== Source data ==
'''

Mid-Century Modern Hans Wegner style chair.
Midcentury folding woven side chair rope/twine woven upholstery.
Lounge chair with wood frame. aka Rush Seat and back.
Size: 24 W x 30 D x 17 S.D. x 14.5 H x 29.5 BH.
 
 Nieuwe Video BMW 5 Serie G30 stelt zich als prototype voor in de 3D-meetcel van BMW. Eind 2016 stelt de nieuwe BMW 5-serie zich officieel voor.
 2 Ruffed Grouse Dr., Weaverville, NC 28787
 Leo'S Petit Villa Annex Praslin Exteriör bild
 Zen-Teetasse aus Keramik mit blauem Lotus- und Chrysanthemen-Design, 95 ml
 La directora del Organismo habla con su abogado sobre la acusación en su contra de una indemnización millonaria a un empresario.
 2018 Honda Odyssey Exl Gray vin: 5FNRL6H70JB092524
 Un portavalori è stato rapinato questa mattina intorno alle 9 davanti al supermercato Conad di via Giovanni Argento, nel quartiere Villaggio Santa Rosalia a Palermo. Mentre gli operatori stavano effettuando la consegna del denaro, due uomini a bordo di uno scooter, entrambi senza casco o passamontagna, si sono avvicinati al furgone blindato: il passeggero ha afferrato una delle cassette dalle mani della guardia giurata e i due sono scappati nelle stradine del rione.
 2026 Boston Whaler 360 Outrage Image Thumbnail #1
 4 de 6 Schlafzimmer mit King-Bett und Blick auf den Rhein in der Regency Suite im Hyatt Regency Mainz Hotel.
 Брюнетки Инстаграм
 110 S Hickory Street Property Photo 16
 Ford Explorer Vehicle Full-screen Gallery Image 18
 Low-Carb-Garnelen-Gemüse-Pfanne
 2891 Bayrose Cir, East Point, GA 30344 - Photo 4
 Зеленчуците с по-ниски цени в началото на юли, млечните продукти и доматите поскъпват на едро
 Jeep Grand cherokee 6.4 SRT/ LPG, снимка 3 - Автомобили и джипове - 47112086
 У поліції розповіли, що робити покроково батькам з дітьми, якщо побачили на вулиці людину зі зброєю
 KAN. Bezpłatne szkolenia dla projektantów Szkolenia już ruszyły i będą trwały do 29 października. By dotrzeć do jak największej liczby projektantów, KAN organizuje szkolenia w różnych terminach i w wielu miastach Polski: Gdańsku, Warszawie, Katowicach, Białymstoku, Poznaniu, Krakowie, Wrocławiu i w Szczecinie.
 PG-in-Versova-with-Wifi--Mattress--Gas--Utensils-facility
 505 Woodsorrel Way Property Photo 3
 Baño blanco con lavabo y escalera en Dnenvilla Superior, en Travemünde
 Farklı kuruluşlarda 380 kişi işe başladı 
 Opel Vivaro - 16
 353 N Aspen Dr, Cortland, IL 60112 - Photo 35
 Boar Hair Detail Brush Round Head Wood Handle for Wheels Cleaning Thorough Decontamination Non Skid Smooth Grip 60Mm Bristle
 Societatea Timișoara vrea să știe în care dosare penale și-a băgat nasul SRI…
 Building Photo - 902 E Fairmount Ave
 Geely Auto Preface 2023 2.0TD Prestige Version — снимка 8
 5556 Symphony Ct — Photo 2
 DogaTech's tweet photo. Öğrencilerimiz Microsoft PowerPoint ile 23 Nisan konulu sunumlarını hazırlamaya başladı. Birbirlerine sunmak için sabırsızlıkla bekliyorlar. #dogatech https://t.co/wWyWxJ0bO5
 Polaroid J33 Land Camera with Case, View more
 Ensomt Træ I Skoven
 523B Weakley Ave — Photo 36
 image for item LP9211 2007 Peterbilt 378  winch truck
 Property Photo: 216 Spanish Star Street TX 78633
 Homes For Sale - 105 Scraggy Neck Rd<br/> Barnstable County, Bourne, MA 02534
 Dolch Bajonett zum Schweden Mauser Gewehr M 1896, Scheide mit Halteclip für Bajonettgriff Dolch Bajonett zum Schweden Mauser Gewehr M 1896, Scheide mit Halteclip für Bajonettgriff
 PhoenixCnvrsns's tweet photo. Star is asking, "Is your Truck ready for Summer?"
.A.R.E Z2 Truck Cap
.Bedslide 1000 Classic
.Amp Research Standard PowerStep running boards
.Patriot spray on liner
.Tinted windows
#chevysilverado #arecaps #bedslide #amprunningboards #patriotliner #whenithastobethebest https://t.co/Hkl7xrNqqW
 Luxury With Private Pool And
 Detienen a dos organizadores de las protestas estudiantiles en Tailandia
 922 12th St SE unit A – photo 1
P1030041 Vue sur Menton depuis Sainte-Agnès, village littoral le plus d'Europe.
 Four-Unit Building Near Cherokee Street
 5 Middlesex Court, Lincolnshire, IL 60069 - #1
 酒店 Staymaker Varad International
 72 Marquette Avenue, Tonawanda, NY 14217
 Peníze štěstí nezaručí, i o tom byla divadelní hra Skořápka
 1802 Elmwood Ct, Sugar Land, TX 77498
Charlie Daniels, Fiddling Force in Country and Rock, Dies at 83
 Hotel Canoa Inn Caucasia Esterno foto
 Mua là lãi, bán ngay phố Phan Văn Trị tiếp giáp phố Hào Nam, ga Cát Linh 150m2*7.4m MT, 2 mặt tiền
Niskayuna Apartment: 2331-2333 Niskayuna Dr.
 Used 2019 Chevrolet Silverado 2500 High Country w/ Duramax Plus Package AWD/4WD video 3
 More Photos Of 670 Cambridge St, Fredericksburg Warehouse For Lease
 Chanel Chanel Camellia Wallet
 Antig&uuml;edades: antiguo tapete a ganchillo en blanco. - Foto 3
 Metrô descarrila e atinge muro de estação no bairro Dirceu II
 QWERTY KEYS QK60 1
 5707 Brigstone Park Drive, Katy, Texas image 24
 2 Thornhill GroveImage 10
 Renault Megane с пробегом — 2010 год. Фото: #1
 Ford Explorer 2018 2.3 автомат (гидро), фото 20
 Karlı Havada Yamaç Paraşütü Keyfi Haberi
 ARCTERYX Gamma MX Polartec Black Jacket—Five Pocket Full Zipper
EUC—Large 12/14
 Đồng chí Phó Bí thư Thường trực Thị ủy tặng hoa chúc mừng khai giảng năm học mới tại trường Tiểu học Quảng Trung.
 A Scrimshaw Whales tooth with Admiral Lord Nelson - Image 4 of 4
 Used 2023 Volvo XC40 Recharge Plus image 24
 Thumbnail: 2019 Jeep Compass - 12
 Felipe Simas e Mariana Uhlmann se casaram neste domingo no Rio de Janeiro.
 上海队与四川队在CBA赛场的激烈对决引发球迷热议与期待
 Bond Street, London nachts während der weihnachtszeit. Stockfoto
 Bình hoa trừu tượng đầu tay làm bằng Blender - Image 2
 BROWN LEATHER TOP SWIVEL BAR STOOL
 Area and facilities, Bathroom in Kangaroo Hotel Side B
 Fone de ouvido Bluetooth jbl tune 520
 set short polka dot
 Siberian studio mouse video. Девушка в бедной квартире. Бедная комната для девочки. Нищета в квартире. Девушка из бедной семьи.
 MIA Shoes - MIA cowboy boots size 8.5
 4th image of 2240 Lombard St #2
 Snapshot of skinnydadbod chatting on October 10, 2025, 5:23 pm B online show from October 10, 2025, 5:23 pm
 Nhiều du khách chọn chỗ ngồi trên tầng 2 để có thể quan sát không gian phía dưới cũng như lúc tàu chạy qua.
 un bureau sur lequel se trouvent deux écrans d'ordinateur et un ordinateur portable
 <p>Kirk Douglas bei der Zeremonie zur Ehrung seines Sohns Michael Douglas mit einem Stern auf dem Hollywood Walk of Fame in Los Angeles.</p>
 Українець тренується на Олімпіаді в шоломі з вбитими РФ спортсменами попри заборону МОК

'''

== Work task ==
Return nothing but the lines from the top of the records above through the line that has "2018 Honda Odyssey". Keep each one exact.

== The answer ==
Mid-Century Modern Hans Wegner style chair.
Midcentury folding woven side chair rope/twine woven upholstery.
Lounge chair with wood frame. aka Rush Seat and back.
Size: 24 W x 30 D x 17 S.D. x 14.5 H x 29.5 BH.
 
 Nieuwe Video BMW 5 Serie G30 stelt zich als prototype voor in de 3D-meetcel van BMW. Eind 2016 stelt de nieuwe BMW 5-serie zich officieel voor.
 2 Ruffed Grouse Dr., Weaverville, NC 28787
 Leo'S Petit Villa Annex Praslin Exteriör bild
 Zen-Teetasse aus Keramik mit blauem Lotus- und Chrysanthemen-Design, 95 ml
 La directora del Organismo habla con su abogado sobre la acusación en su contra de una indemnización millonaria a un empresario.
 2018 Honda Odyssey Exl Gray vin: 5FNRL6H70JB092524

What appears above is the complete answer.